Damage to the Cytoplasmic Membrane and Cell Lysis

After crossing the outer membrane, colistin attacks the cytoplasmic membrane. Its detergent-like action disrupts the phospholipid bilayer, causing leakage of cellular contents and ultimately leading to cell lysis and death. Research indicates colistin also targets LPS that accumulates in the cytoplasmic membrane, challenging older theories of non-specific detergent action.

Other Potential Mechanisms of Action

Beyond membrane disruption, colistin has other antibacterial effects. It has anti-endotoxin activity by binding to and neutralizing lipid A, which can trigger septic shock. Colistin can also induce oxidative stress by generating reactive oxygen species, causing damage to bacterial DNA, proteins, and lipids. Some studies suggest it can inhibit respiratory enzymes, disrupting energy production.

Comparative Mechanism of Colistin on Bacterial Membranes


Feature	Outer Membrane (OM) Interaction	Cytoplasmic Membrane (CM) Interaction
Primary Target	Negatively charged LPS, specifically the lipid A component.	Phospholipid bilayer and accumulated LPS.
Initial Action	Electrostatic binding and competitive displacement of stabilizing divalent cations ($Ca^{2+}$, $Mg^{2+}$).	Detergent-like disruption and LPS targeting.
Mechanism	Destabilizes the LPS monolayer, increasing permeability.	Causes leakage of intracellular contents and cell lysis.
Contributing Factors	Hydrophobic acyl chain insertion.	Oxidative stress and enzyme inhibition may contribute.
Consequence	Allows for "self-promoted uptake".	Lethal damage, resulting in bacterial death.

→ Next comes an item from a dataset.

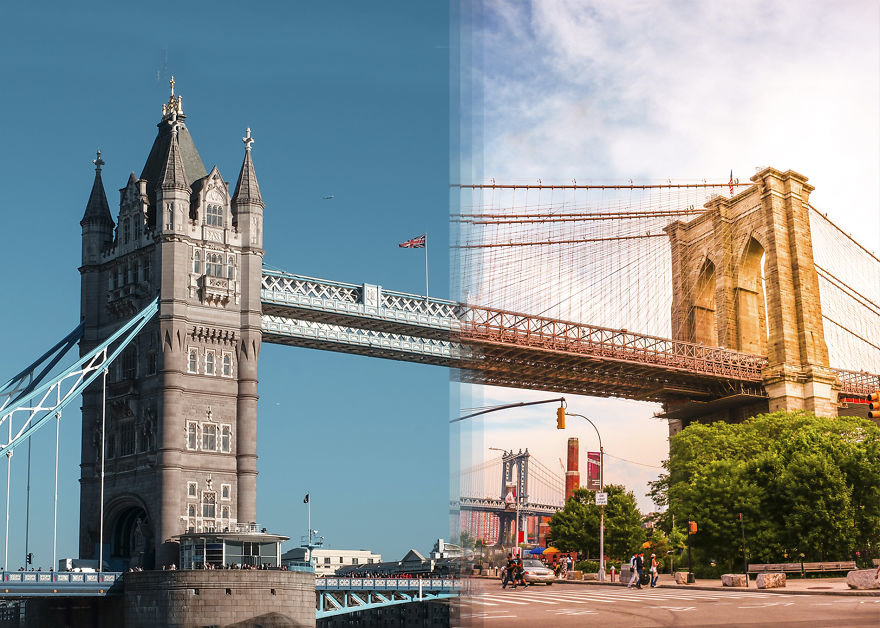 Cầu Tháp ở London, Anh và cầu Brooklyn, New York, Mỹ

The Problem of Colistin Resistance

Colistin resistance is a growing concern, limiting its use. Resistance primarily involves modifications to the LPS structure.

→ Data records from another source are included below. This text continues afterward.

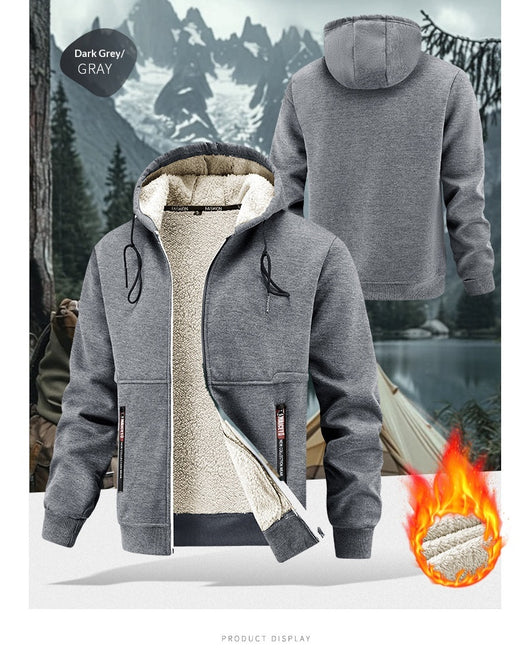 Abrigo de Invierno para Hombre con Lana de Cordero Engrosada - Image 15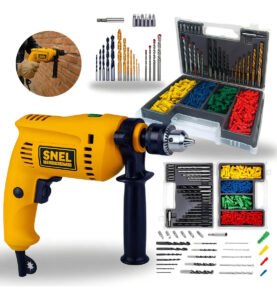 Furadeira De Impacto Com Jogo De Brocas Bits E Buchas 300 Pe Cor Amarelo Frequência 60hz
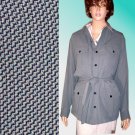 IRIS SINGER sz 14 Military Cargo Safari Belted Jacket Blk-Wht Tweed Retail $325 Your Price $49.99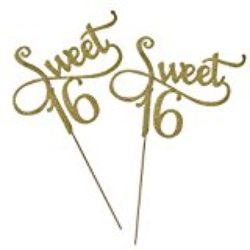 ounona 2pcs decoración para tarta para dorado Monogram decoración para tarta para Sweet 16 cumpleaños aniversario para Sweet Party temas decoración (oro) [OFERTAS]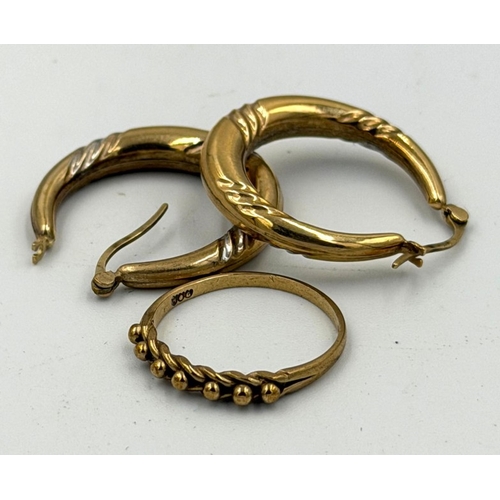 567 - A 9ct gold ring and a pair of 9ct gold earrings, approximate weight 3.4g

LPS Modification: Bacteria modify LPS to reduce its negative charge, decreasing colistin binding. This is often done by adding cationic groups like phosphoethanolamine (pEtN) and 4-amino-4-deoxy-L-arabinose (L-Ara4N) to lipid A.
Chromosomal Mutations: Mutations in regulatory systems like PhoPQ and PmrAB can cause these LPS modifications.
Plasmid-Mediated Resistance (mcr genes): Mobile mcr genes, such as mcr-1, encode enzymes that add pEtN to lipid A, conferring transferable resistance between species.
Loss of LPS: Some bacteria lose their LPS layer, removing colistin's primary target.

Conclusion

Colistin's mechanism of action is a multi-step process targeting the cell membranes of Gram-negative bacteria. It starts with electrostatic interaction and disruption of the outer membrane's LPS, followed by destabilization of the cytoplasmic membrane, leading to cell lysis. Additional effects like anti-endotoxin activity and oxidative stress enhance its bactericidal power. However, the rise of multidrug-resistant bacteria and resistance mechanisms, particularly plasmid-mediated mcr genes, challenge colistin's efficacy. Continued research is vital for preserving colistin's role as a last-resort antibiotic. Further information on colistin's action and resistance can be found on PubMed Central.

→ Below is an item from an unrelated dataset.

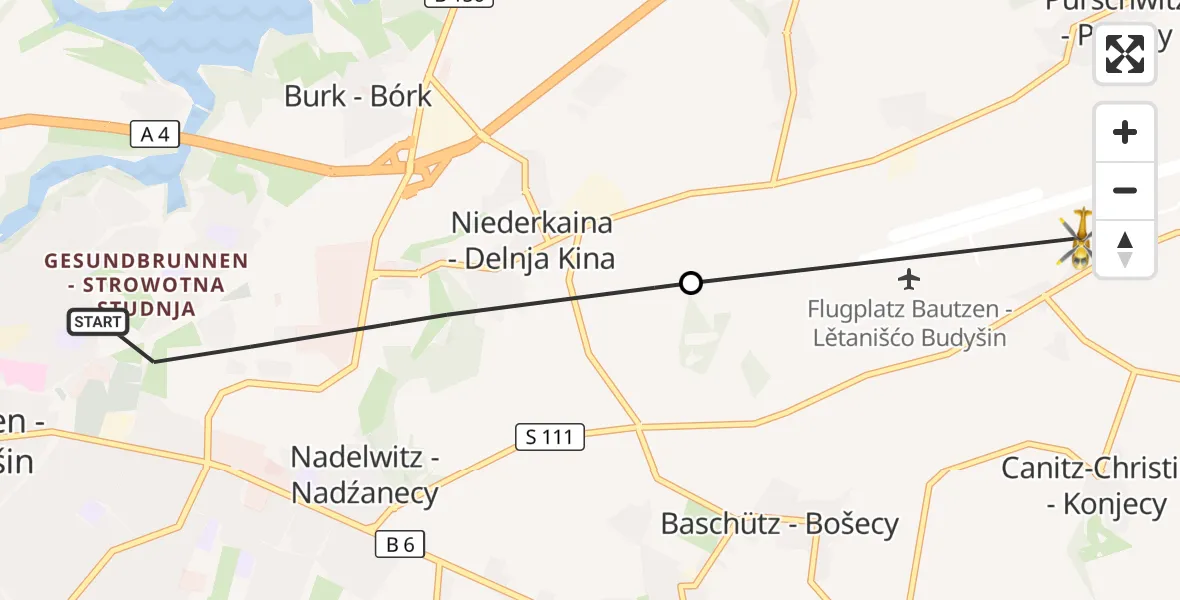 Flugroute Rettungshubschrauber Bautzen - Bautzen Flugplatz, 21 August 2026, 10:12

Frequently Asked Questions

Colistin, also known as polymyxin E, is a polycationic polypeptide antibiotic that belongs to the polymyxin class of drugs.

The use of colistin has re-emerged as a last-resort agent for treating infections caused by multidrug-resistant (MDR) Gram-negative bacteria, which have become resistant to most other available antibiotics.

Colistin is not effective against Gram-positive bacteria because its primary target, the lipopolysaccharide (LPS) layer, is not present in their cell walls.

Colistin's positive charge allows it to bind strongly to the negatively charged phosphate groups on the lipid A component of LPS, displacing the divalent cations (calcium and magnesium) that normally stabilize the outer membrane.

The process involves three main steps: 1) electrostatic binding to the outer membrane's LPS, 2) competitive displacement of divalent cations, and 3) disruption of both the outer and cytoplasmic membranes, leading to cell leakage and lysis.

Colistin has anti-endotoxin activity because it binds to and neutralizes the lipid A portion of LPS, which is the endotoxin responsible for triggering inflammation and septic shock.

Bacteria can develop resistance primarily by modifying their LPS structure through chromosomal mutations or by acquiring mobile colistin resistance (mcr) genes via plasmids.